Youcef Nadarkhani's Death Sentence: Sign of Iran's Renewed Anti-Christian Crackdown?
Iran remains unfazed by widespread protests from the international community over the execution order against the Christian pastor Youcef Nadarkhani for renouncing Islam.
Reports from Iran indicate that the repressive regime is aiming at a renewed crackdown on its Christian population.
Ten Christian converts from Islam were arrested recently during a church meeting in a residential building, their homes searched thoroughly and their Bibles confiscated, the Assyrian International News Agency reported, citing sources in Iran.
Maasis Mosesian, an Armenian Christian and elder at a Church in Tehran, which is an affiliate of the Assemblies of God, was also arrested at his workplace and taken to Rajai Shahr Prison in Karaj, Farsi Christian News Network reported.
The arrested Christian converts, including a family of three, have been barred from contacting their relatives or friends and are detained in an undisclosed location.

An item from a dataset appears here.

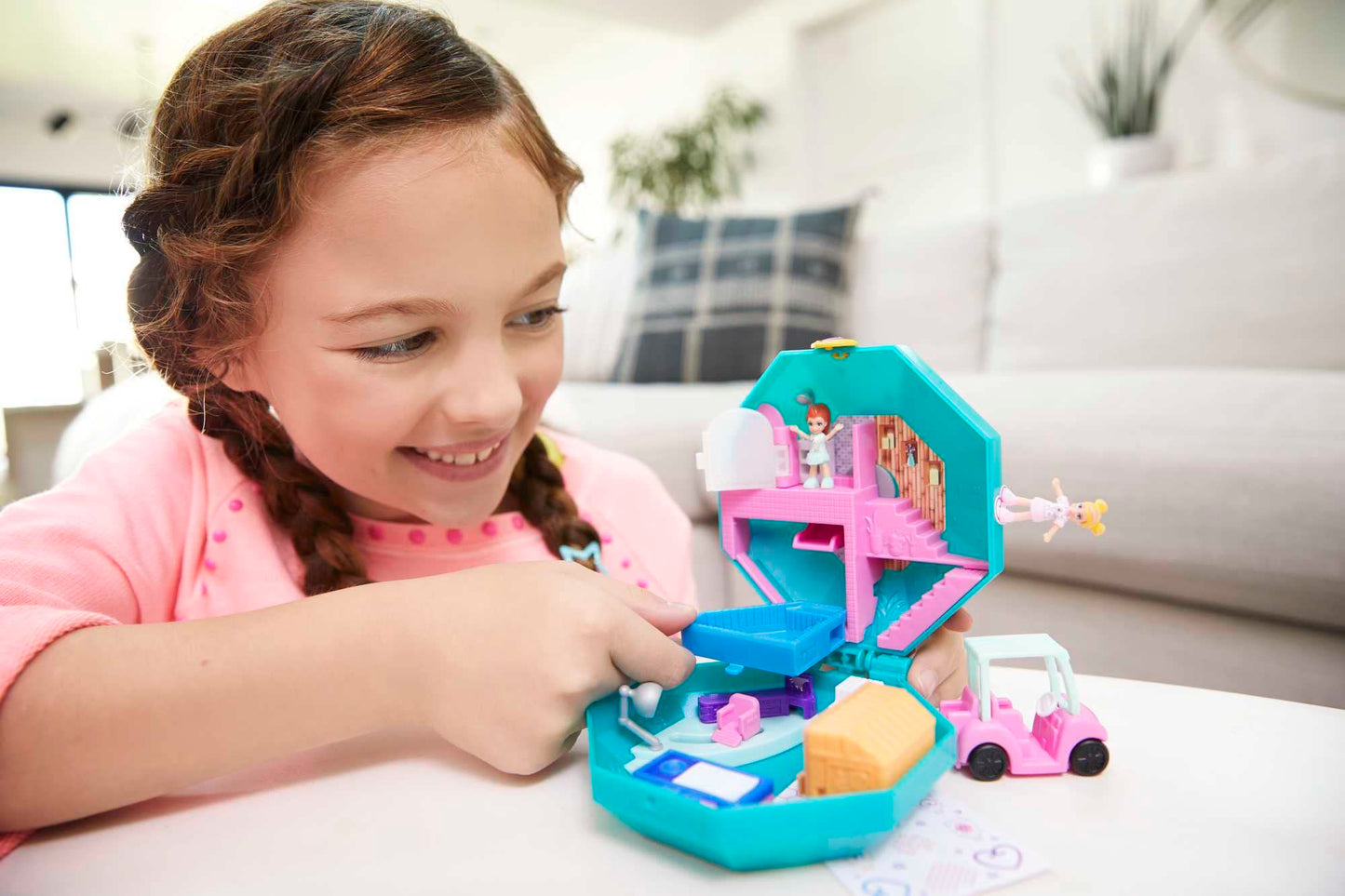 Polly Pocket Playset, Travel Toy with 2 Micro Dolls, Toy Car & Surprise Accessories, Pamperin Perfume Spa Compact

The authorities herded the entire congregation, including children, into two buses that had been brought specifically for this purpose, Christian Solidarity Worldwide said in a press release.

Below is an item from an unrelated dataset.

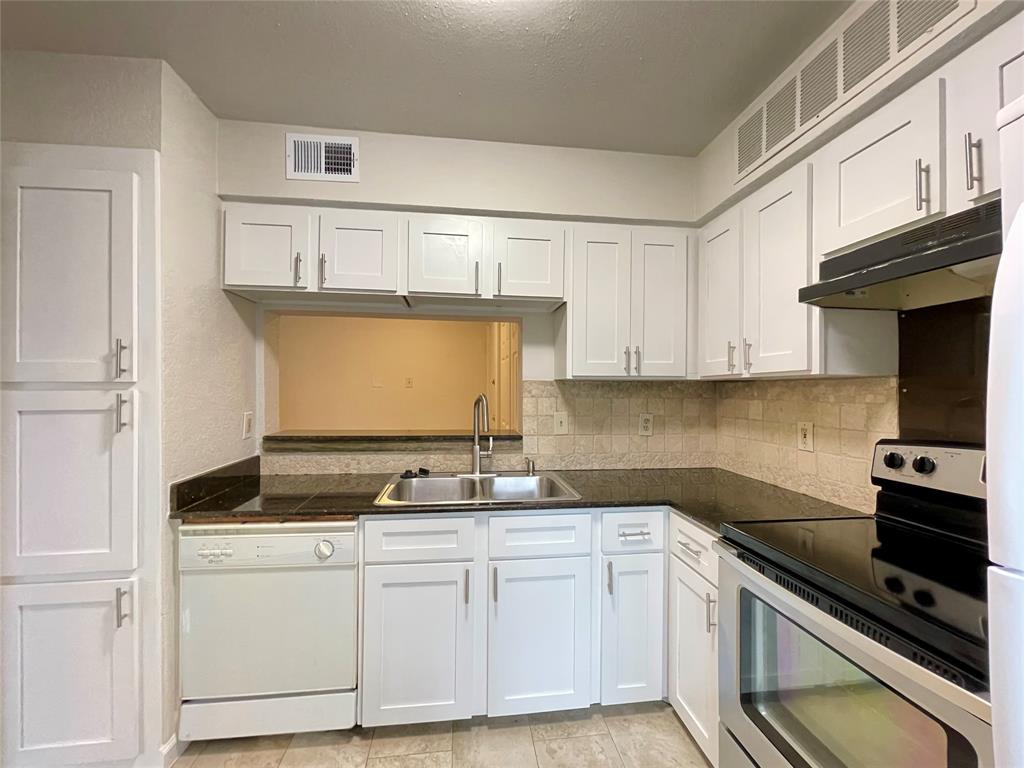 Richardson Crossroads Ph 01 & 02 - Residential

The majority were interrogated, threatened and eventually released. However, the church's senior pastor, Pastor Farhad, remains in detention, the statement said.
Iran's Ministry of Intelligence has ordered the Emmanuel Protestant Church and St. Peter's Evangelical Church, the last two officially registered churches holding Friday Farsi-language services in Tehran, to suspend them, according to a Baptist Press report.

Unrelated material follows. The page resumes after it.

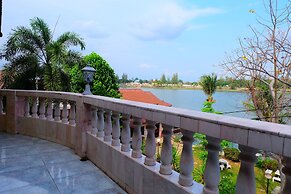 Techno Riverview Resort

The restrictions have had the effect that the authorities desired, as it cut attendance by half.
Iranian authorities are reportedly pushing employers to fire people who are Christians or Christian converts.
Christians have alleged that the new government tactic is meant to scare away people from converting to Christianity. If I have too many difficulties in my life, I won't have time to be involved in church, and people will see how difficult it is to be a Christian, an Iranian Christian who wished to remain anonymous told Compass Direct News. This is not a good face for the Christians. The others see and say, 'Oh, they became Christians and God stopped His blessing to them,' he said.
Iran's anti-Christian Crackdown is believed to be in accordance with the Islamic principle that the number of non-Muslims need to be kept under constant check in a predominantly Islamic society.
The issue has little to do with perceptions of how Christianity might respond, but rather with the obligation under Islamic doctrine to put and keep (non-Muslims) in their 'place' within Muslim society, Clare Lopez, a senior fellow with the Center for Security Policy, told World Net Daily.
The forces of Sharia Islam are in the ascendant all over the Middle East these days and with the new-found sense of empowerment combined with what is perceived as Western complicity and weakness in the face of that situation, it is to be expected that all religious minorities, especially Christians and Jews, increasingly will feel the brutality of Islamic supremecism, Clare said.